Perhaps Gaptcha is better than what I was using. I'll have to give it a look.
Geoff Appleby Wednesday, October 25, 2006
Well, the source is available for you now, although it looks like you're running CS 1.1 (i'm guessing) and I wrote it as a 2.1 addin for .net 2. Is an upgrade worth it? (Hell yeah! :)
Tin Bui Tuesday, November 14, 2006
omg,
Guys, look at the hint from the author. Regardless of whether or not you want to do a loop for initialization, just say we want to do the loop, then 10,000 would make a performance nut really goes nut.
However, against the author's intention, I would not be thinking about making the looping any faster, but to asynchronously do the loop on another thread and go do something else.

Hi Geoff, how are you?
AJ Monday, November 20, 2006
The (entry level example) author wants an array of 10,000 points, 2 integers each. The best way is to malloc the block, (initialized to 0) and use a pointer to a struct of type point to access the array.

It does however, make sense, especially on complex projects, to make the first write of the code as clear as possible (as this is), with little regard to performance, and then increase performance as needed.

Code "sevicablility" is a paramount issue to support people, however, lack of clarity as we all know, adds to R&D job security.
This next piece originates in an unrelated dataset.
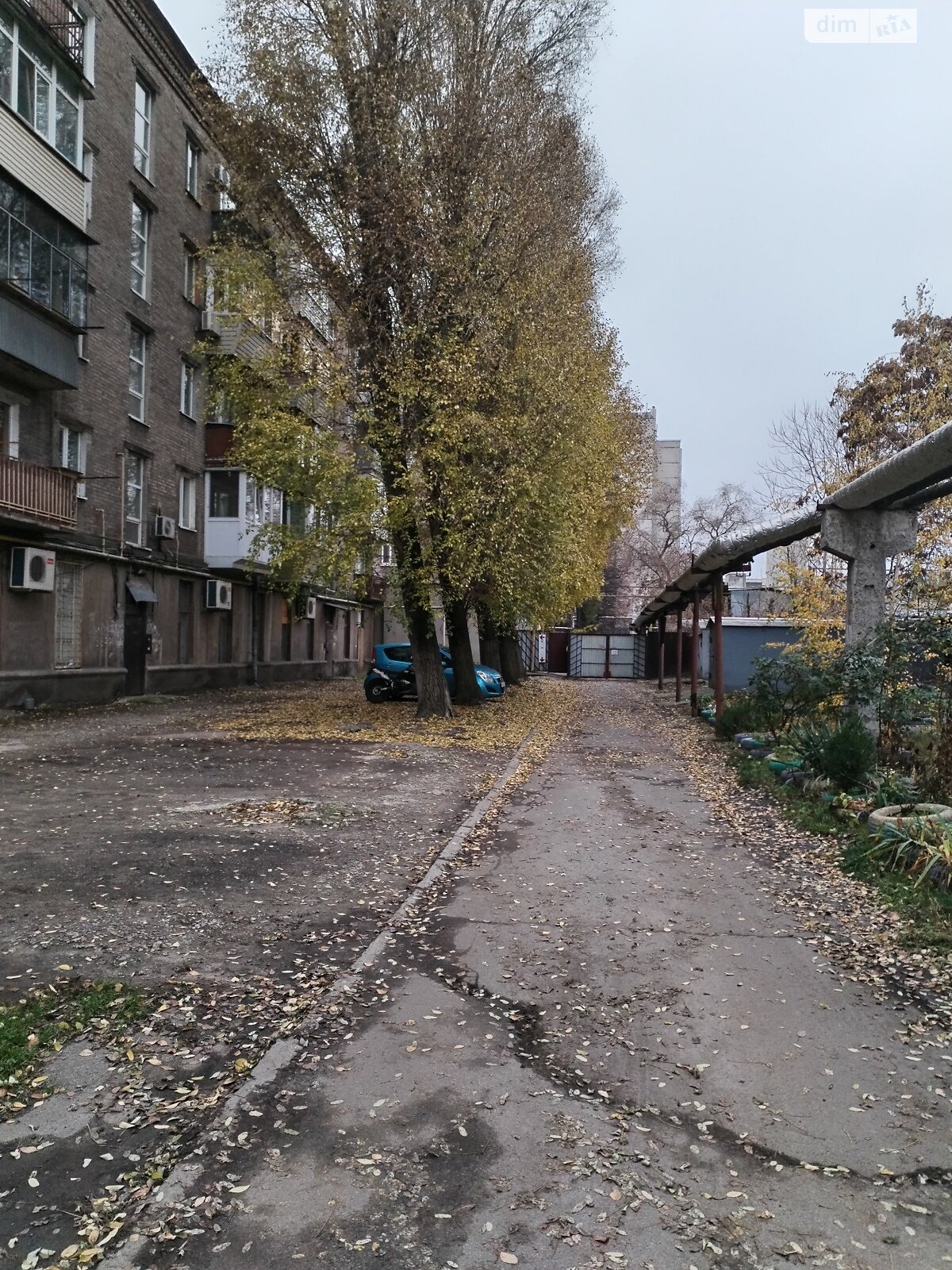 Продажа трехкомнатной квартиры в Днепре, на ул. 128-й Брыгады Теробороны 2, район Привокзальный фото 1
Performance, unfortunately, often goes hand-in-hand with lack of clarity.
Gaurav Wednesday, December 13, 2006
I think calling points.Length 10000 times is not a good idea and it will have a performance hit. Rather than code should be something like this.

Point[] CreatePoints()
{
Point[] points = new Point[10000];
int length = points.Length;

for (int i = 0; i < length; i++)
{
points[i] = new Point();
}

return points;
}